An anti-IspC MAb was able to detect L. monocytogenes cells grown in each of the selective enrichment broths, although there was variation in the activity of the ispC promoter between broths (Fig. 8A to D). These experiments were carried out to assess if IspC can be detected by anti-IspC antibodies on the surface of L. monocytogenes after enrichment. Selective enrichment broths have been shown to affect the expression of several surface antigens (3, 11, 19, 20). Similar studies, using different MAbs (EM-7G1 and C11E9) which also recognize an Listeria autolysin (lmo2691) in L. monocytogenes serotype 1/2a, found that growth in UVM entirely inhibits the expression of the antigen, rendering these antibodies useless for detection when enrichment takes place in this medium (3, 19, 20). UVM was also found to reduce the expression of ActA, making detection impossible using an anti-ActA antibody after UVM enrichment (11). In agreement with these findings, we also showed that expression of IspC was more reduced in UVM than in any other media. However, despite weak activity of the ispC promoter, cells grown in UVM were still detectable by immunofluorescence microscopy with an anti-IspC MAb. This is likely because IspC is a very stable protein (Ronholm et al., unpublished) (27), and even minor expression during any growth phase leads to surface protein accumulation. The anti-IspC MAb was also able to detect cells grown in Fraser broth almost as well as cells grown in BHI broth. The EM-7G1 and C11E9 antibodies were unable to detect cells grown in Fraser broth (3, 19).

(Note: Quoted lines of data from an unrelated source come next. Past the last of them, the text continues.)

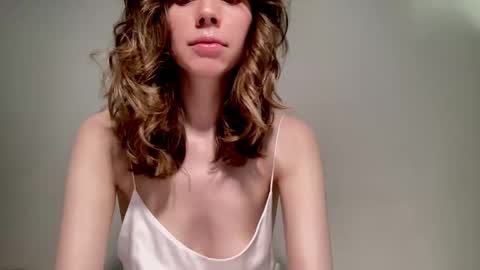 Snapshot of nikki_mi chatting on 12-13-24, 10:30 Nikki online show from 12-13-24, 10:30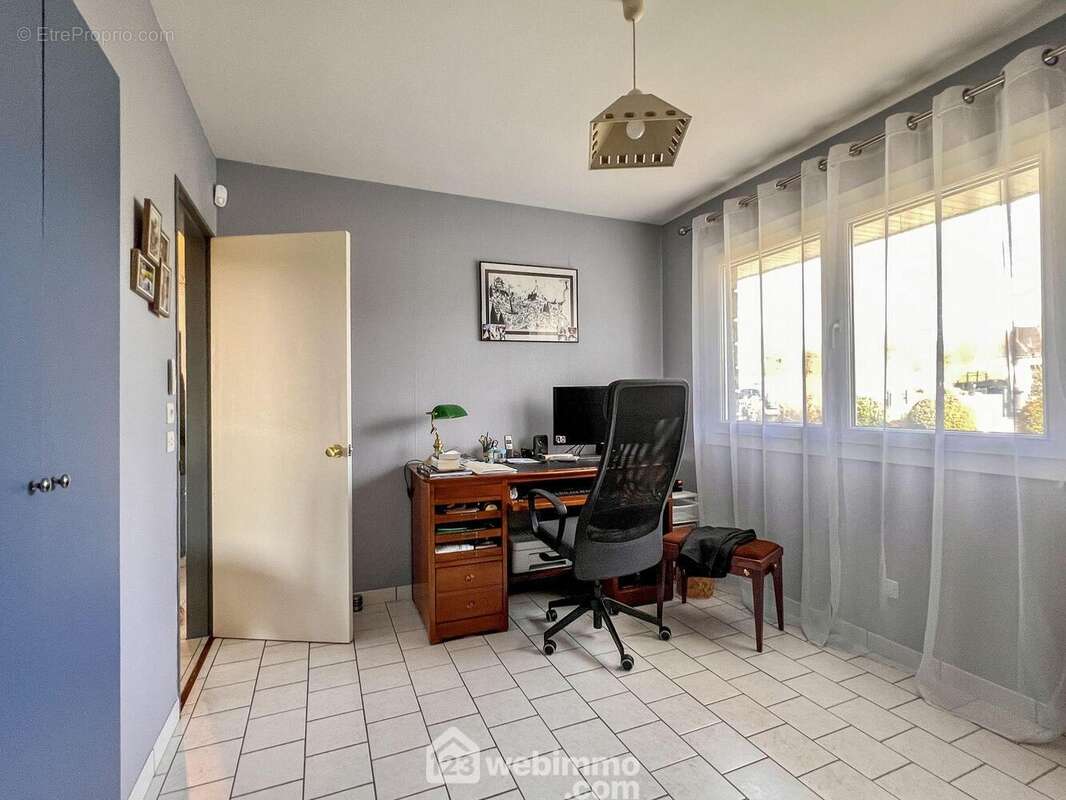 Première chambre au RDC, actuelle bureau de 11m² avec placard - Maison à BRAS-SUR-MEUSE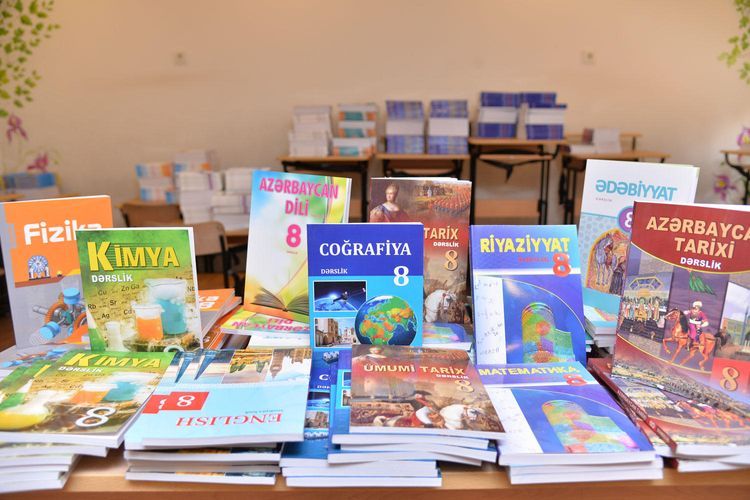 Минобразования Азербайджана внесло ясность в вопрос нехватки учебников
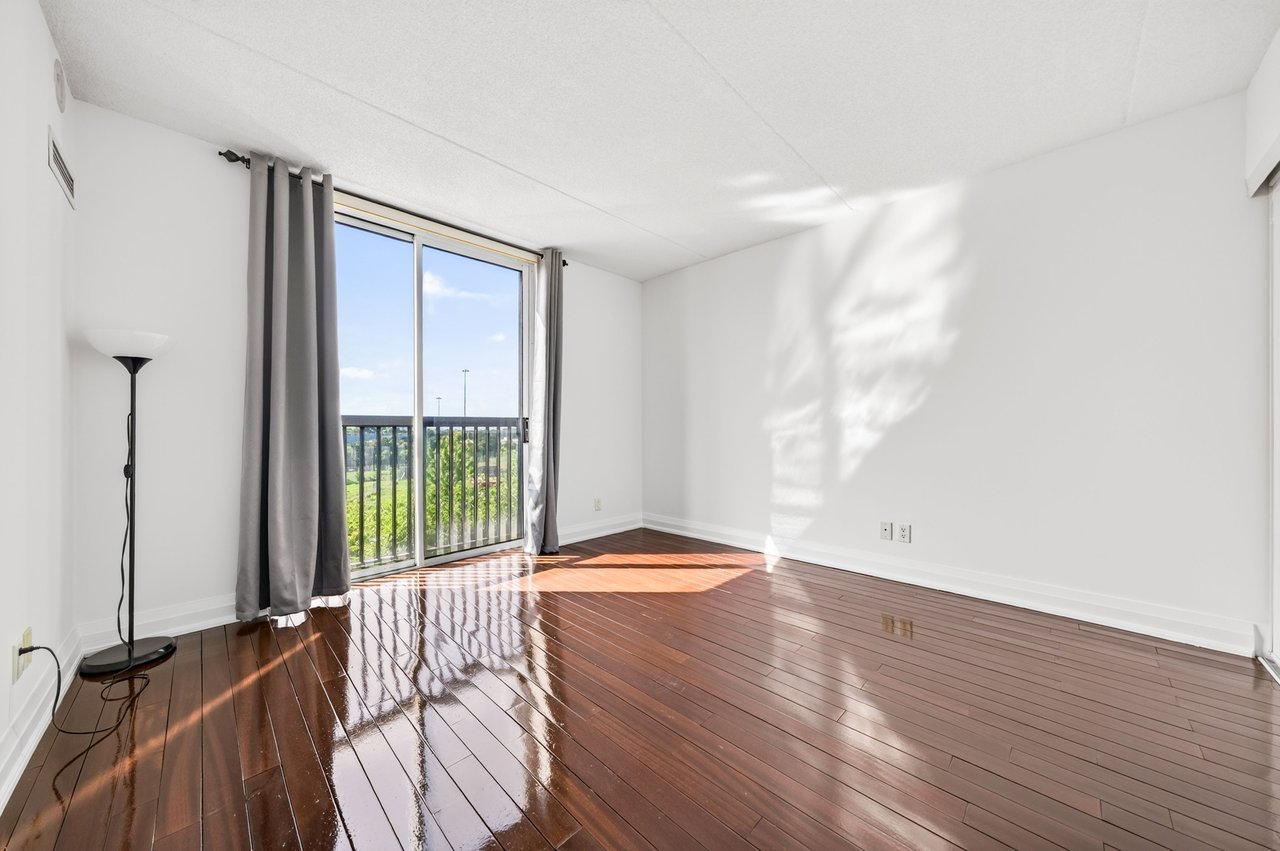 2737 Keele St 312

IspC is a peptidoglycan hydrolase with N-acetylglucosaminidase activity (23). It is involved in virulence, as evidenced by the attenuation seen in the ΔispC deletion mutant (28). Elucidating the mechanisms behind regulation of virulence-associated autolysins is an important step in determining their role in pathogenesis, which appears to be separate from their roles in cellular division or growth (12). We are very interested in the biological significance of the IspC autolysin, which appears to be serotype 4b specific and is expressed over a broad range of environmental conditions. The ispC promoter appears to be most active during early log phase. In addition, we found that ispC is always expressed in cells which are able to divide. These two observations suggest that IspC has a role in cell division. However, previous work indicates that IspC is not directly involved in cellular division, since ispC knockout mutants do not have the characteristic chaining phenotype that is seen in cells where essential division molecules have been knocked out (28). One possibility is that IspC has a role in cell division; however, a phenotype is not observed in the deletion mutant because another autolysin with an overlapping function is able to functionally compensate for the ispC knockout. IspC expression is also highly upregulated during rabbit infection (30), and based on the rate of cell division proportionate to its upregulation, it is likely that there are requirements for IspC during infection besides those related to growth and division. The role of IspC in infection is not currently understood but is of interest.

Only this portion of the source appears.